Naval military helicopter

The Kamov Ka-27 (NATO reporting name 'Helix') is a military helicopter developed for the Soviet Navy, and as of 2024 is in service in various countries including Russia, Ukraine, Vietnam, China, South Korea, and India. Variants include the Ka-29 assault transport, the Ka-28 downgraded export version, and the Ka-32 for civilian use.

==Design and development==
The helicopter was developed for ferrying and anti-submarine warfare. Design work began in 1969 and the first prototype flew in 1973. It was intended to replace the decade-old Kamov Ka-25, and had to have identical or smaller external dimensions than its predecessor. Like other Kamov military helicopters it has coaxial rotors, removing the need for a tail rotor. In total, five prototypes and pre-series helicopters were built. Series production started at Kumertau in July 1979, and the new helicopter officially entered service with the Soviet Navy in April 1981.

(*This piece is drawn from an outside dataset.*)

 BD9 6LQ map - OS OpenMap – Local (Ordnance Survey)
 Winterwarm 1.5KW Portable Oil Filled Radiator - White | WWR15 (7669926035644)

The Ka-27 has a crew of three with a pilot and navigator both stationed in the cockpit, and a sonar operator seated behind them. It has a four-leg fixed landing gear. The Ka-27 is equipped with two lateral buoys, that can be inflated in the case of a forced landing on water.

The Ka-27PL anti-submarine version is equipped with a radar, and either a dipping sonar or a magnetic anomaly detector. It can also carry either up to 36 sonobuoys, or a torpedo, or between six and eight conventional depth charges, or a single nuclear one. Ka-27PLs generally operate in pairs as hunter-killer teams.

The Ka-27PS search and rescue helicopter can carry 12 folding seats or four stretchers in its cabin, and is equipped with a 300 kg winch. Its fuel capacity of 3450 L is greater than the 2940 L capacity of the Ka-27PL.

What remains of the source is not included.